### RECORDS SUPPLIED
▬▬▬▬▬▬

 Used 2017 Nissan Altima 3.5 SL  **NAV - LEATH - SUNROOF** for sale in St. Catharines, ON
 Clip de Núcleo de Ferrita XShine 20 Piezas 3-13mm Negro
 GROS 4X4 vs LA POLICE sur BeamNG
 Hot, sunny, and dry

▬▬▬▬▬▬

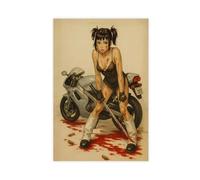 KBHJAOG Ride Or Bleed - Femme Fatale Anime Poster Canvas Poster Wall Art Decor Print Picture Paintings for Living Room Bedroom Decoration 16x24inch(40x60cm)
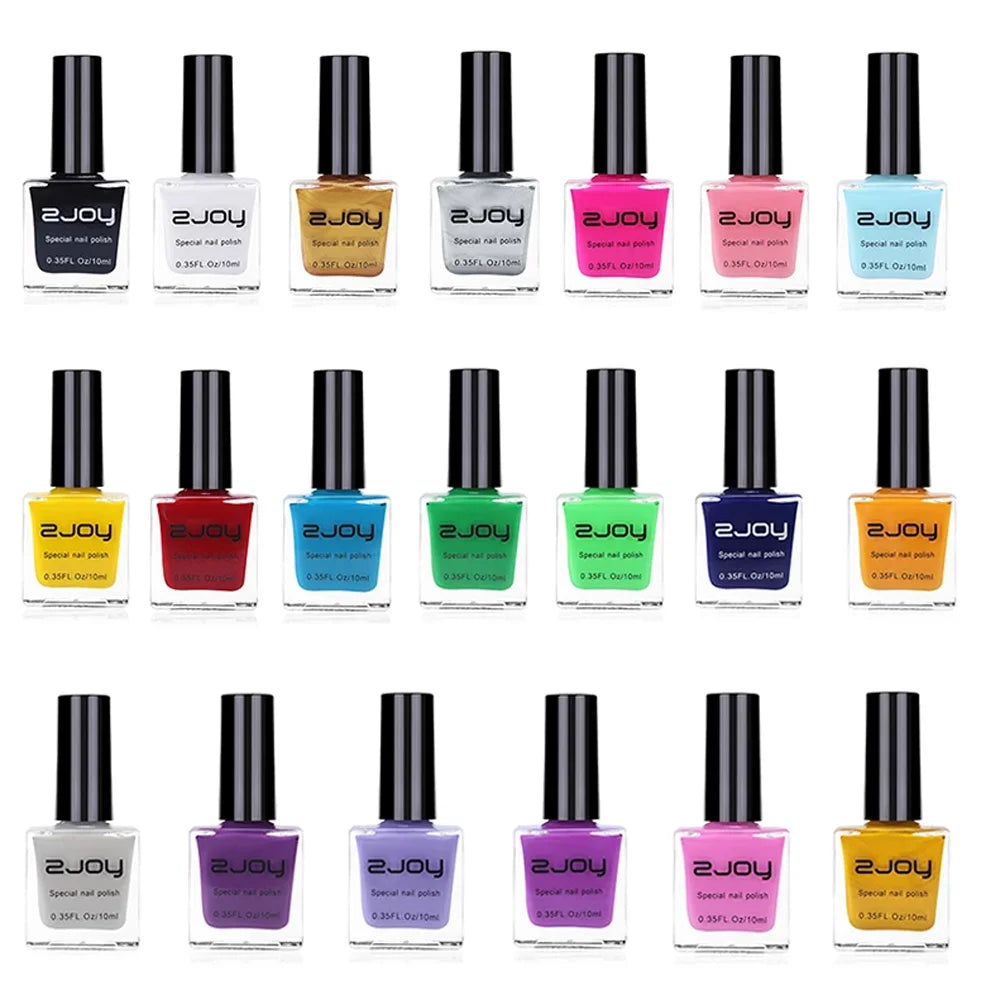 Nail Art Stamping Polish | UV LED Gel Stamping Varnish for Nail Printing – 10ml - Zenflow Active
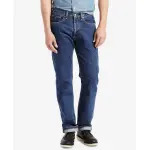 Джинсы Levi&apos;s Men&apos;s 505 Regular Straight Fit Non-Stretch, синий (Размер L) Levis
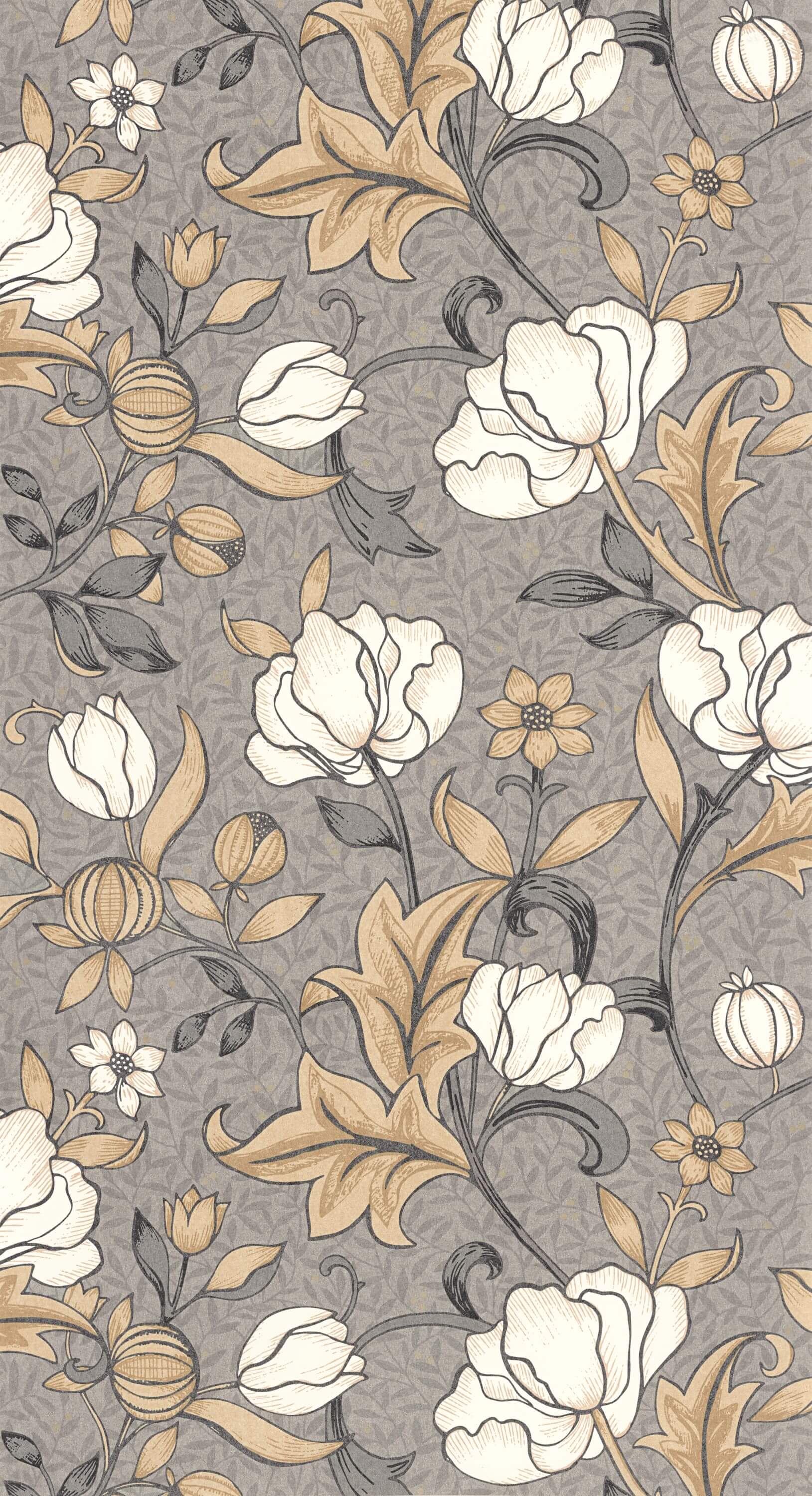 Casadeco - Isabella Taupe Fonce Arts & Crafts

▬▬▬▬▬▬

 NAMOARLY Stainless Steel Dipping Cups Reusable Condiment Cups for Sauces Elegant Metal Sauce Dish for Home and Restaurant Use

▬▬▬▬▬▬

### WHAT THE EXERCISE ASKS
Nothing but the lines above from the one containing "Used 2017 Nissan" through the one containing "Hot, sunny, and dry" should appear in the answer, each repeated exactly.

### SOLUTION
 Used 2017 Nissan Altima 3.5 SL  **NAV - LEATH - SUNROOF** for sale in St. Catharines, ON
 Clip de Núcleo de Ferrita XShine 20 Piezas 3-13mm Negro
 GROS 4X4 vs LA POLICE sur BeamNG
 Hot, sunny, and dry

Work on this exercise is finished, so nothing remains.